Dans sa requête enregistrée le 18 avril 2008, la SARL PIÈCES OCCASIONS, appelante, fait valoir, essentiellement, que :
- Elle n'a jamais cessé son activité. Celle-ci a été développée sur des locaux et des sites différents (comptoir de vente, pièces d'occasion, entrepôt, atelier, caisse, site de conservation et/ ou d'enfouissement d'épaves). La fermeture de son entrepôt après 17 heures a donné à l'huissier l'illusion d'une cessation d'activité ;
- L'entrepôt a toujours été maintenu et utilisé. L'interruption ou le simple ralentissement de l'exploitation ne constitue pas la cessation définitive de celle-ci. Les sous-locations ont été faites à titre précaire et exceptionnel, et s'expliquent par une réduction d'activité et un projet de restructuration de l'entreprise ;
- Le grief de défaut d'exploiter un commerce de fabrication et de vente de menuiserie aluminium n'est pas fondé. En précisant cette activité, le bail, qui portait sur un terrain nu, a seulement précisé l'activité du précédent preneur. PIÈCES OCCASIONS a vainement tenté de renégocier le bail, notamment après la mise en demeure ;
- Le Tribunal s'est inexactement fondé sur l'existence de sous-locations pour en déduire une cessation d'exploitation, alors que le bail autorise la sous-location et que celle-ci est un mode d'exploitation du fonds ;
- PIÈCES OCCASIONS, en reprenant le bail d'origine, a aussi acquis pour 14 000 000 XPF la propriété des murs des hangars édifiés par le premier preneur. Son éviction constituerait un enrichissement sans cause du bailleur.

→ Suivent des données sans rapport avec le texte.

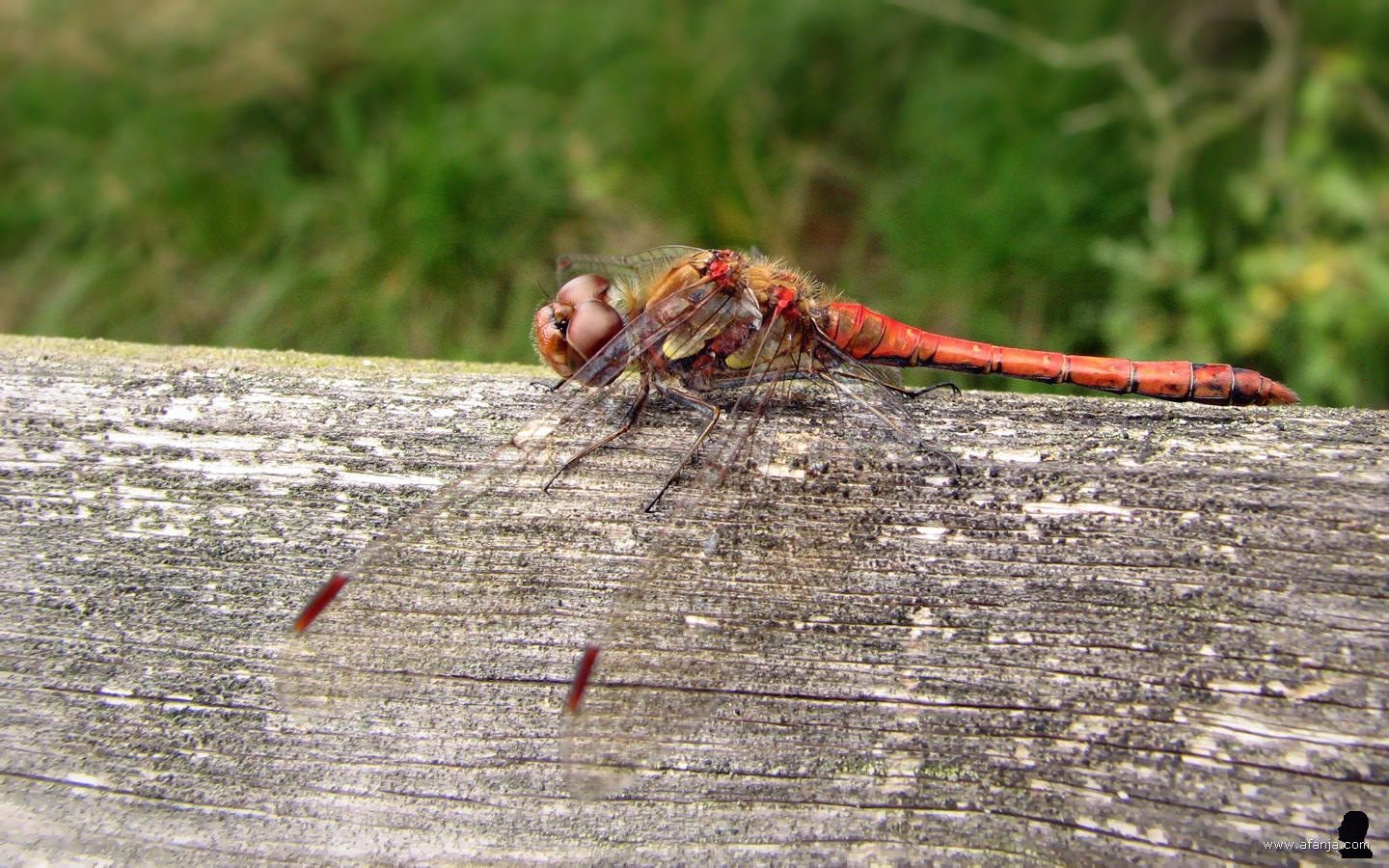 bruinrode heidelibel op de rugleuning van een bankje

Dans ses conclusions visées le 17 octobre 2008, Françoise X... épouse A..., intimée, soutient, essentiellement, que :
- Le bail venu à expiration s'est poursuivi par tacite reconduction à défaut de congé délivré par le bailleur ou de demande de renouvellement faite par le locataire. À partir d'une date ignorée du bailleur, le preneur a cessé toute activité dans les lieux et a tenté de céder le bail ou de sous-louer à une société SERIPOL. Il n'a pas satisfait à une mise en demeure de respecter ses obligations contractuelles. Les constats établis sur place montrent des lieux inexploités (2004) ou partiellement exploités par un tiers (réparations mécaniques D...).
- La mise en demeure préalable prévue par l'article L145-17 1o du Code de commerce a été notifiée le 5 novembre 2004. À défaut de régularisation dans le délai d'un mois, le congé visant ledit texte a été délivré le 24 mai 2005 pour le 1er décembre 2005, avec un préavis de 6 mois, conformément aux dispositions de l'article L145-9 du Code de commerce.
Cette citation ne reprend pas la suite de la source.